What to produce. Please output the line containing "Louis Vuitton-Оригинална чисто" and all lines that follow it in the data below, exactly, with no pictures.

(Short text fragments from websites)
----------------------------------------
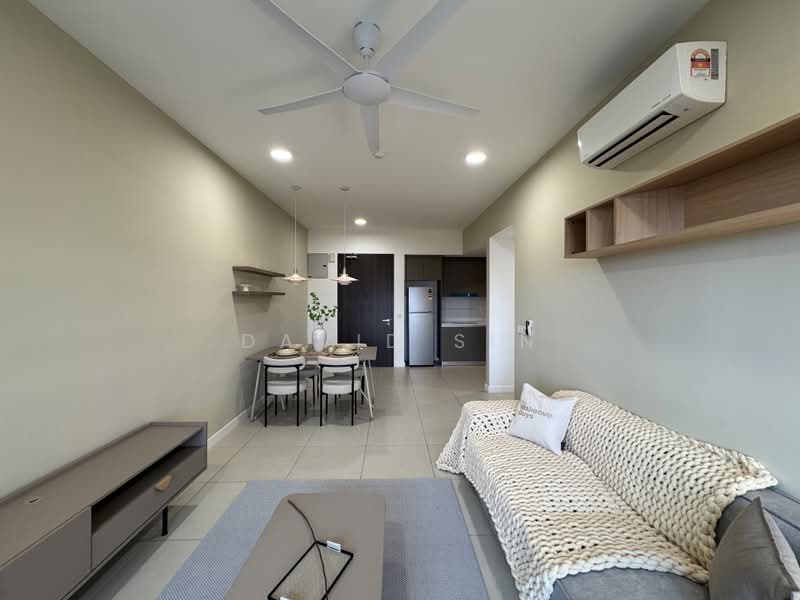 Servis Apartment untuk Disewa di Maya Ara Residences - David Sin - Living Room - PropertyGuru.com.my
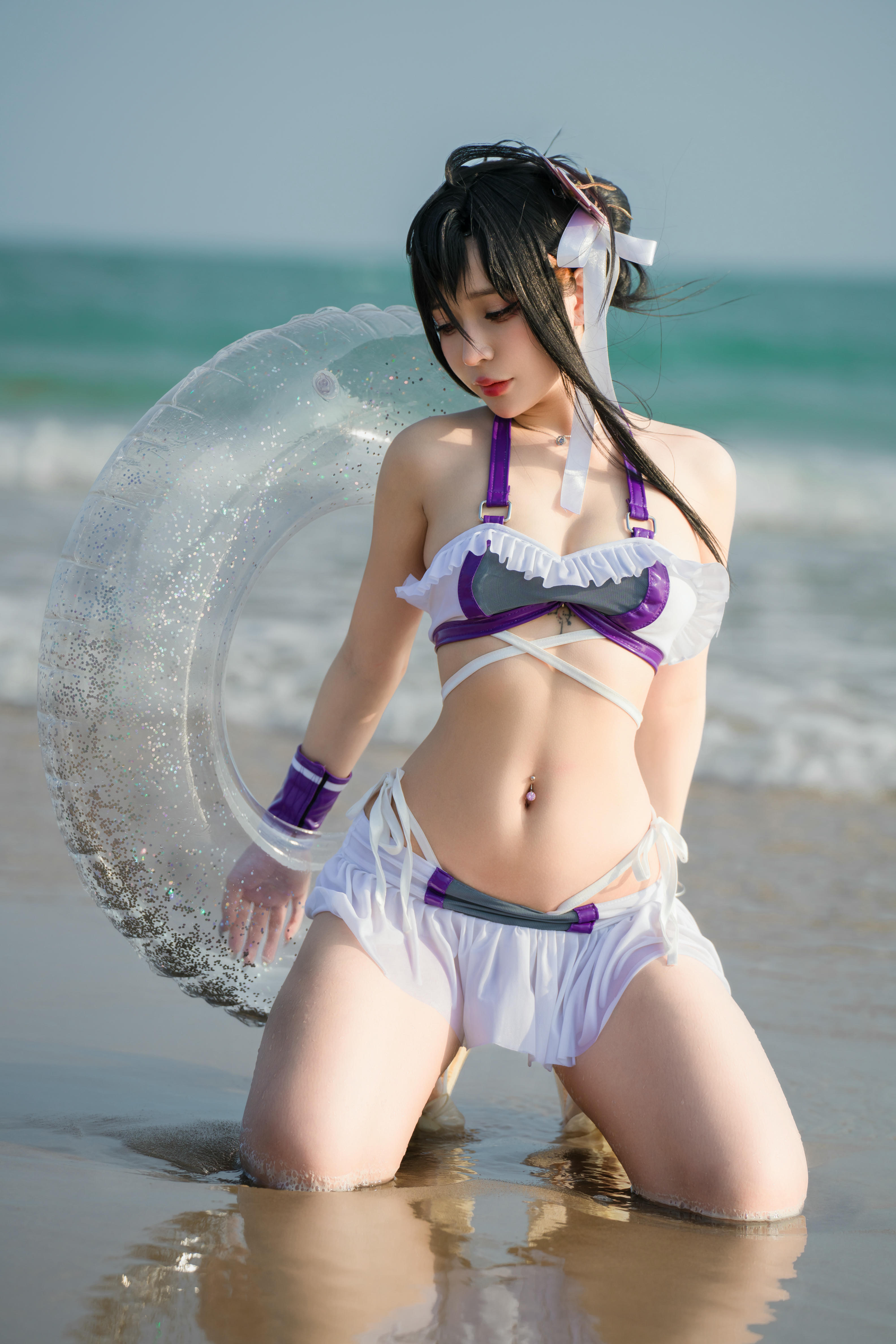 越南coser-Umeko J NO.079 Tifa Lockhart Swimsuit Final Fantasy[113P+14V／2.31GB]_第1集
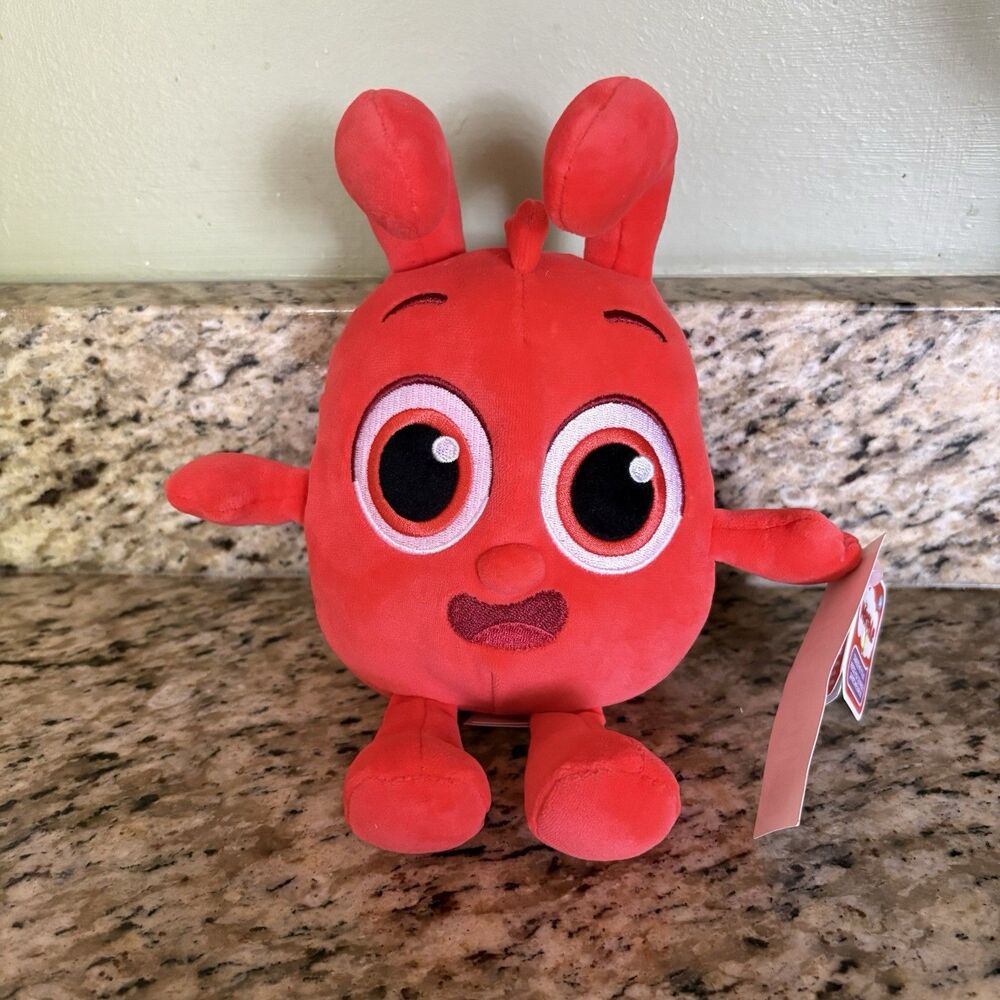 Morphle Talking 10-inch Plush Red Monster My Magic Pet NWT Sound Works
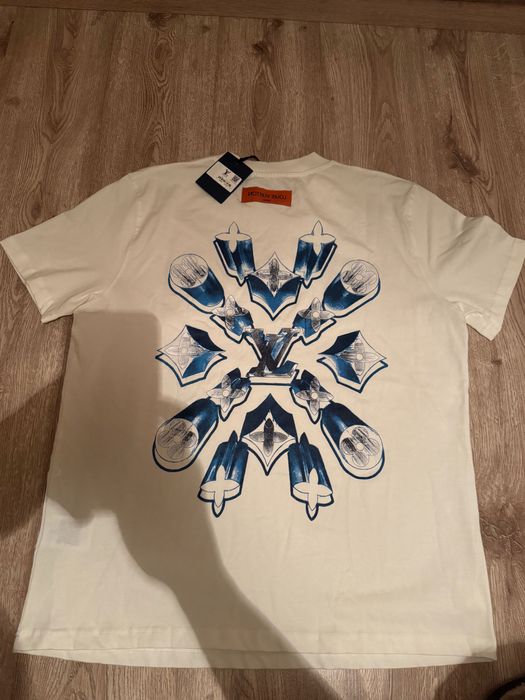 Louis Vuitton-Оригинална чисто нова мъжка тениска Л размер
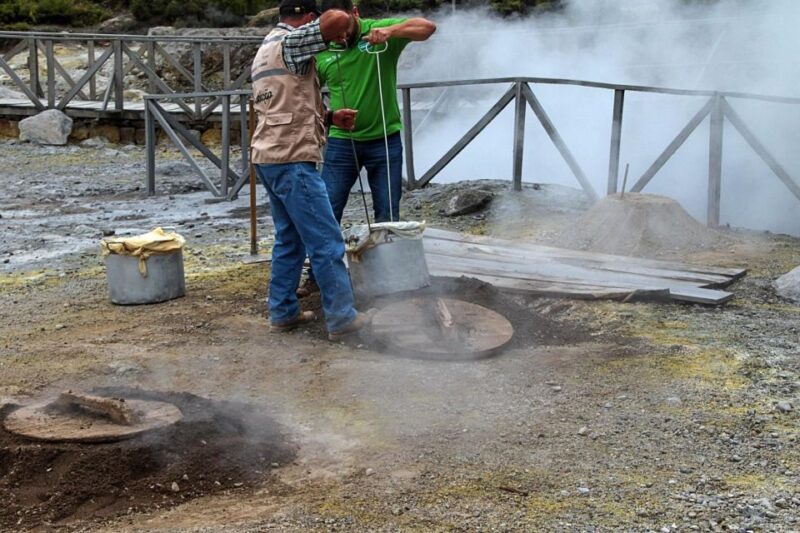 Furnas: Hot Springs Night Tour - Guided Tour Details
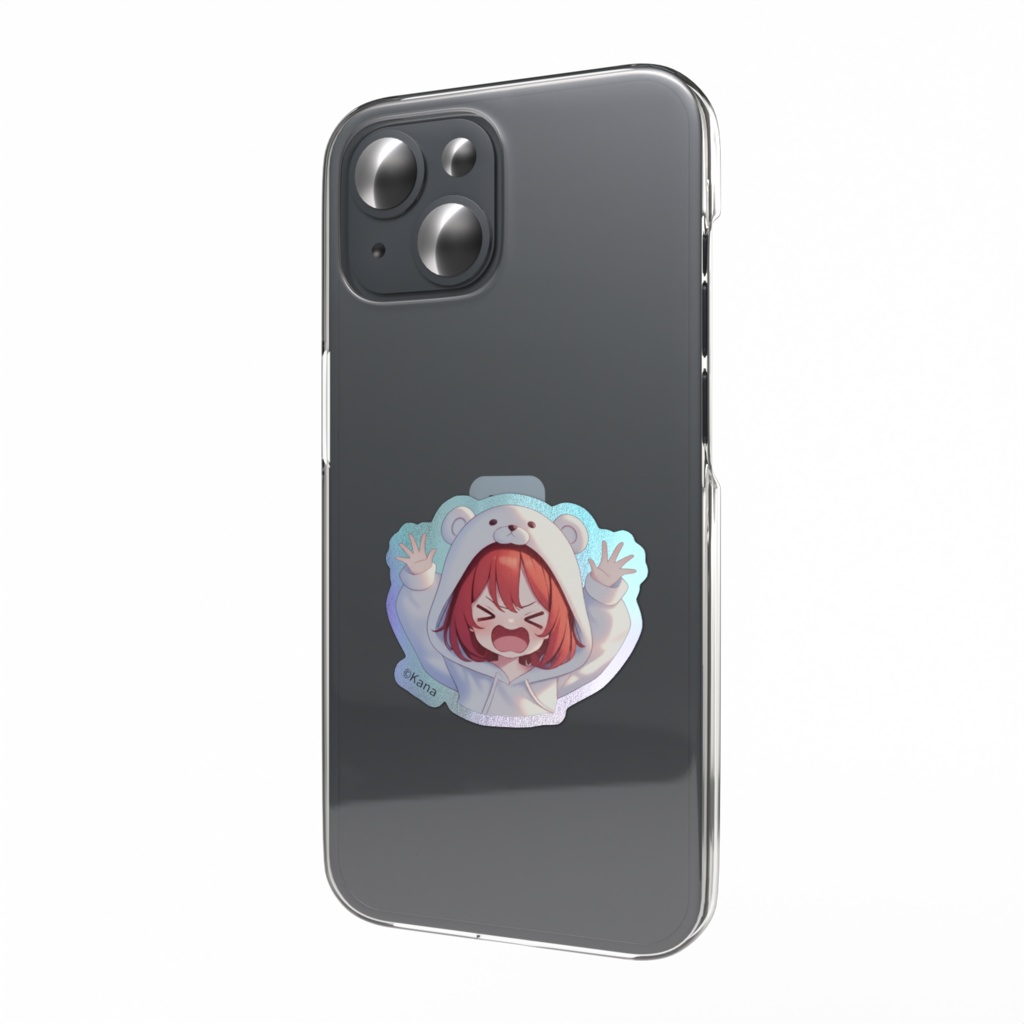 2周年記念 オリジナルステッカー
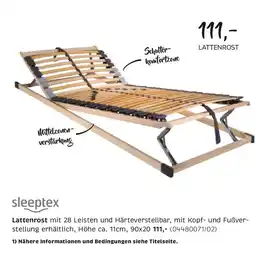 XXXLutz Lattenrost 0448007102 XXXLutz Angebot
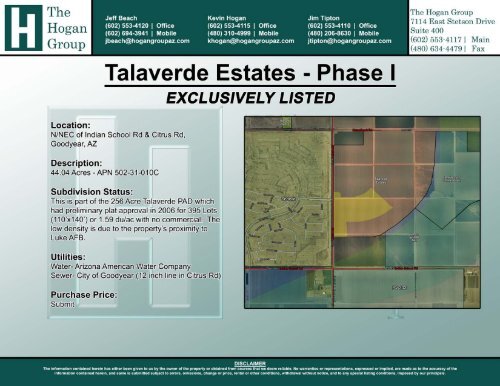 Talaverde Estates - The Hogan Group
----------------------------------------
Task output.
 Louis Vuitton-Оригинална чисто нова мъжка тениска Л размер
 Furnas: Hot Springs Night Tour - Guided Tour Details
 2周年記念 オリジナルステッカー
 XXXLutz Lattenrost 0448007102 XXXLutz Angebot
 Talaverde Estates - The Hogan Group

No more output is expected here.